- _TASK BRIEF_
Would you return the listing that follows exactly, leaving its pictures behind?

[[ TASK MATERIAL, beginning ]]

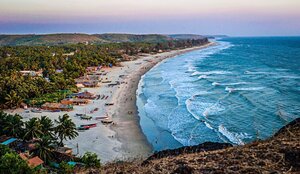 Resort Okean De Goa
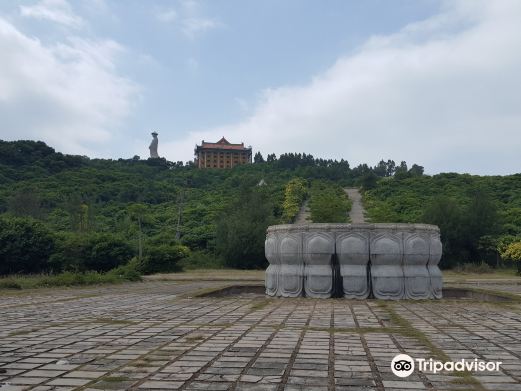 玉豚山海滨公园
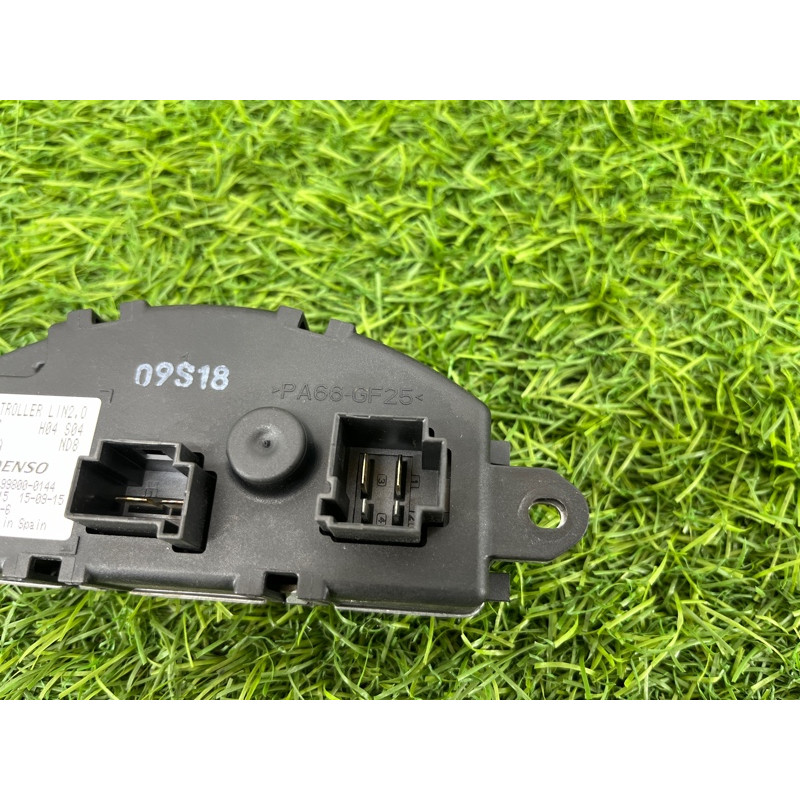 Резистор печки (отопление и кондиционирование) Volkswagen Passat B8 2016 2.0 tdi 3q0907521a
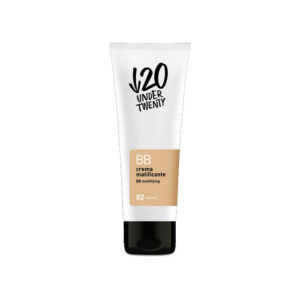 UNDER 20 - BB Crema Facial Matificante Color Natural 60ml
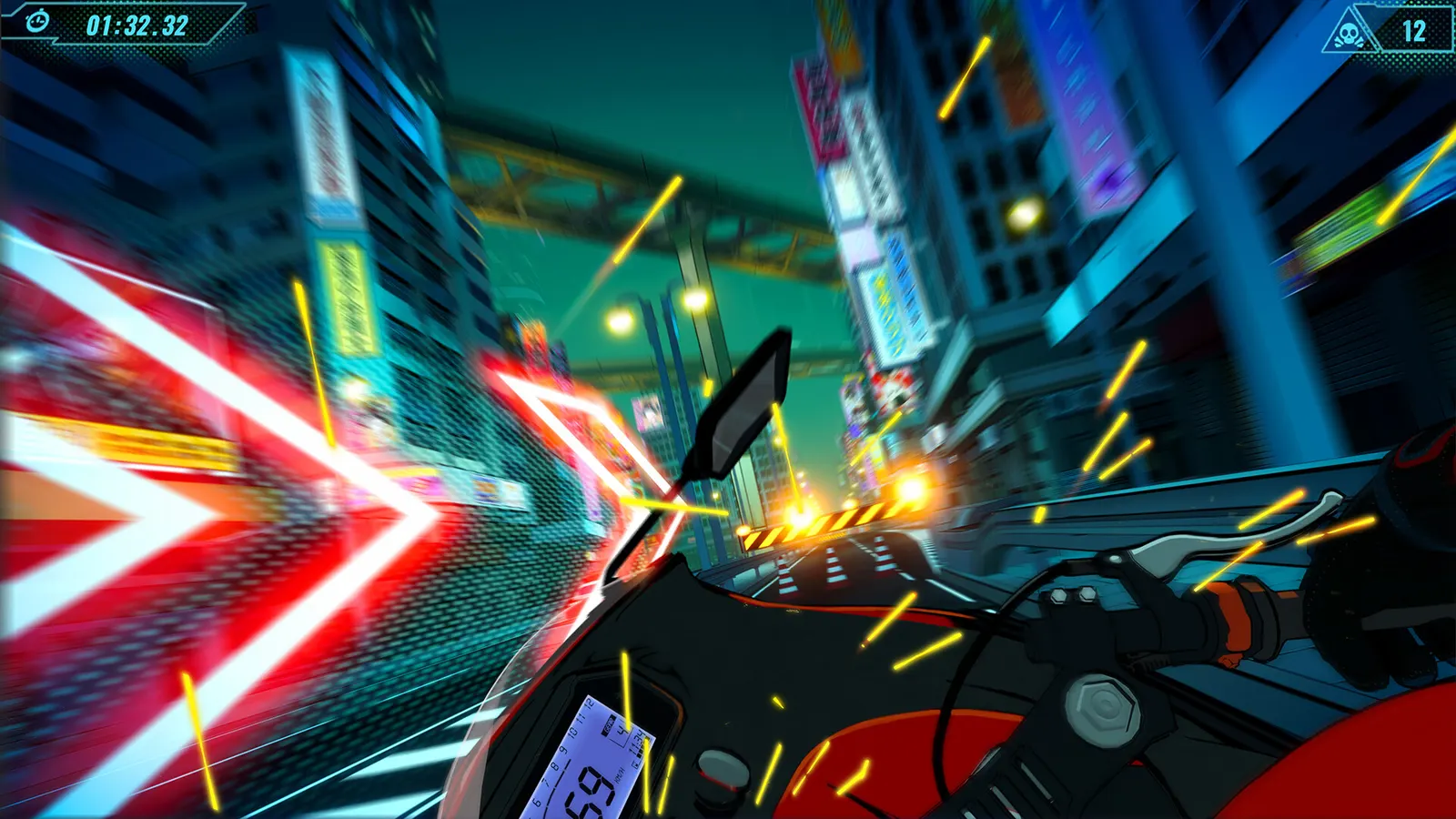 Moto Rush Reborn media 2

[[ TASK MATERIAL, end ]]

- _SOLUTION TO THE EXERCISE_
 Resort Okean De Goa
 玉豚山海滨公园
 Резистор печки (отопление и кондиционирование) Volkswagen Passat B8 2016 2.0 tdi 3q0907521a
 UNDER 20 - BB Crema Facial Matificante Color Natural 60ml
 Moto Rush Reborn media 2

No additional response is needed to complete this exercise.